The company has developed a fleet of tractor-sized autonomous robots equipped with UV-C lights — a powerful form of ultraviolet light that’s deadly to pests and bacteria but safe for crops when used correctly. These robots patrol fields overnight, treating up to 100 acres, while built-in vacuums remove bug residue without damaging fruit or plants.
Instead of selling these machines, TRIC Robotics offers pest control as a service, a business model that mirrors how many farmers already contract out pesticide spraying. “We found out that a lot of the farmers pay for pest disease control as a service,” said co-founder and CEO Adam Stager. “And what we’ve been doing is just replacing that.”
TRIC’s journey into agriculture wasn’t straightforward. The company was originally founded in 2017 by Stager after completing his PhD in robotics, with an initial focus on developing 3D-printed robots for SWAT teams. By 2020, seeking more meaningful impact, Stager pivoted to agriculture — a sector he saw as ripe for innovation and capable of touching millions of lives.

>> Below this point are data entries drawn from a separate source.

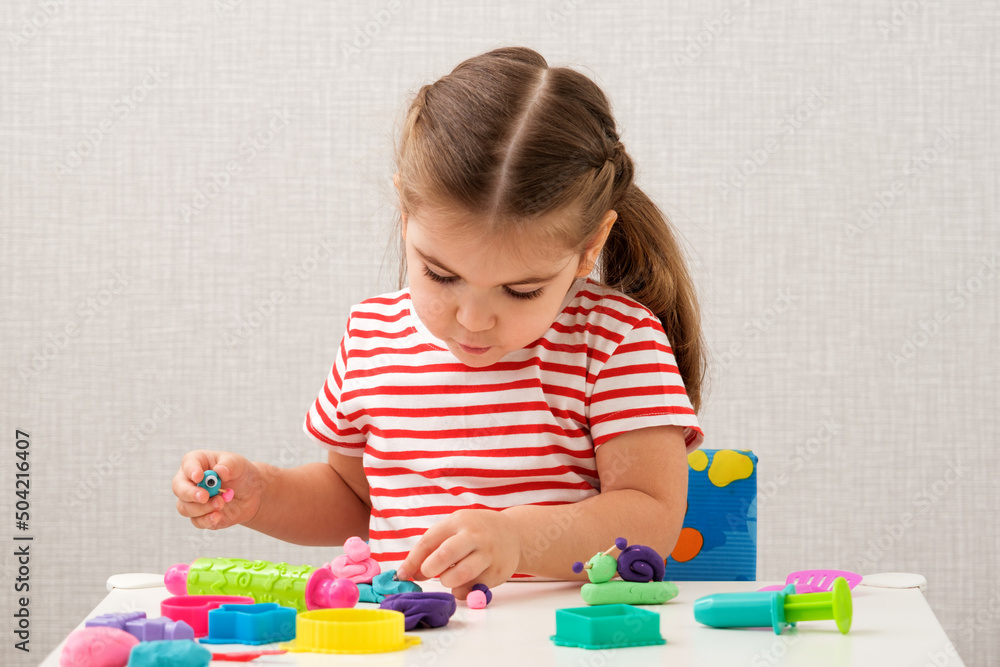 caucasian little girl plays with plasticine, modeling clay, molds, sculpting different figures on white table at home caucasian little girl plays with plasticine, modeling clay, molds, sculpting different figures on white table at home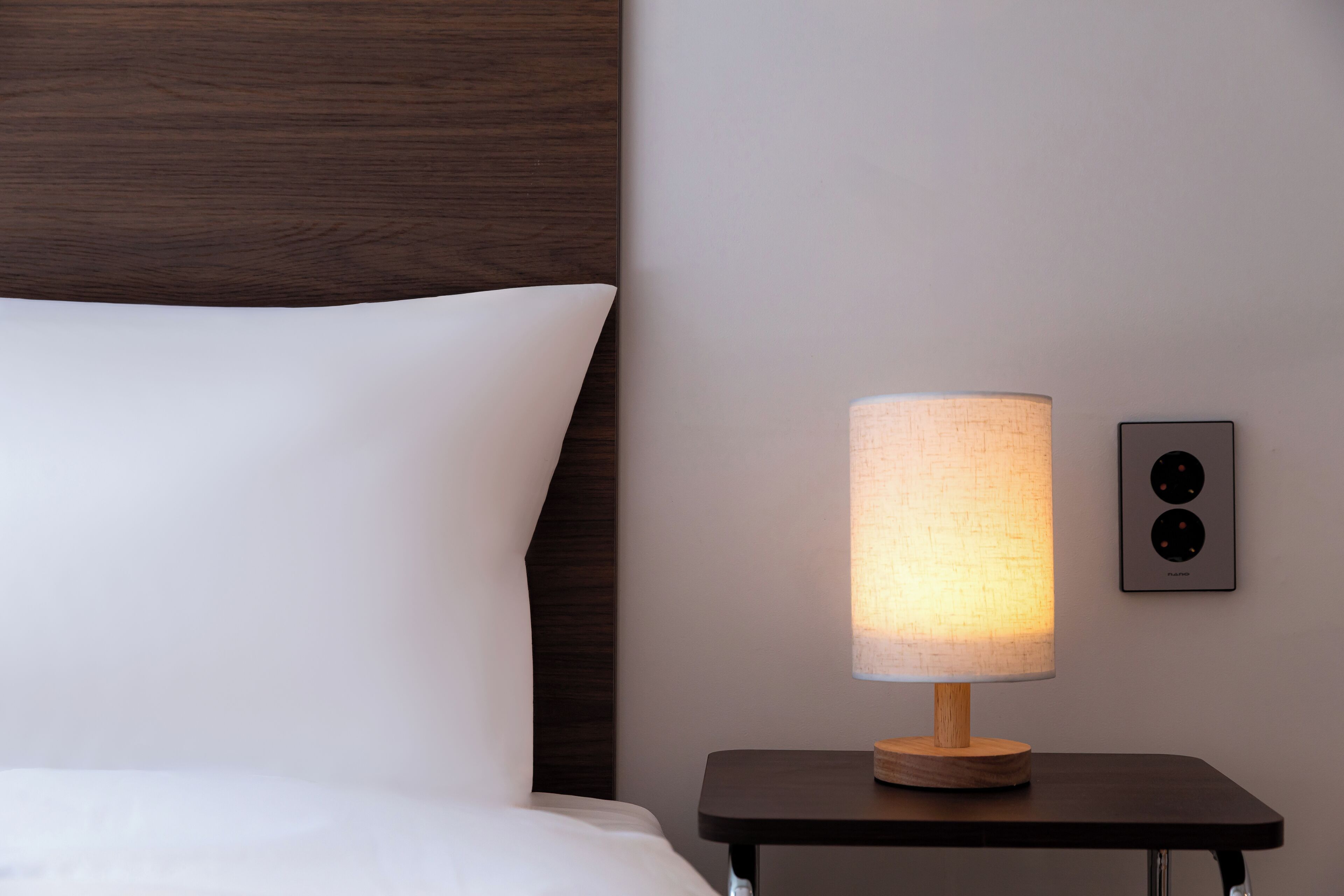Una cama bien hecha con ropa de cama blanca, una mesita de noche con una lámpara y una lámpara de pared.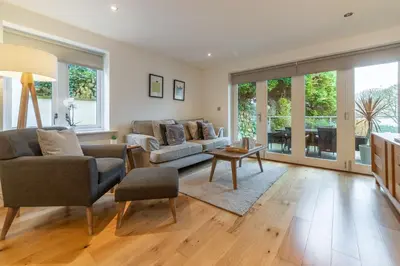 a living room with a couch and a table at 3 Sandy Lane in Carbis Bay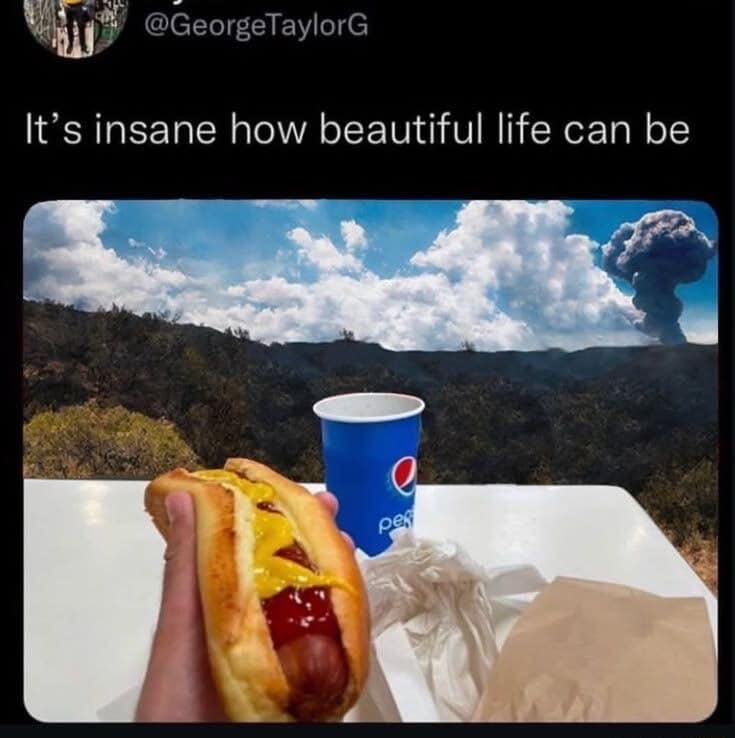 classic meme tweet showing a first-person perspective of someone holding a hot dog with ketchup and mustard next to a Pepsi cup on a white table, while a massive, dark volcanic mushroom cloud erupts violently on the horizon under a bright sky.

That shift led him to collaborate with the U.S. Department of Agriculture, which introduced him to UV-C light technology being developed in government labs. With help from the USDA and some early farmer partnerships, Stager and co-founder Vishnu Somasundaram built two prototype robots in a garage and drove them across the country, Airbnb-hopping for months while testing the machines on small plots of farmland in 2021.
Today, TRIC Robotics works with four major strawberry producers, has nine robots in the field, and three more in production. The company also recently closed a $5.5 million seed round led by Version One Ventures, with participation from Garage Capital, Todd and Rahul Capital, Lucas Venture Group, and other backers.
The new funding will help expand the robot fleet and support a move into other crops beyond strawberries.
“I think there is going to be a really, really bright future for agtech,” Stager said. “There’s really a lot of exciting things to come.”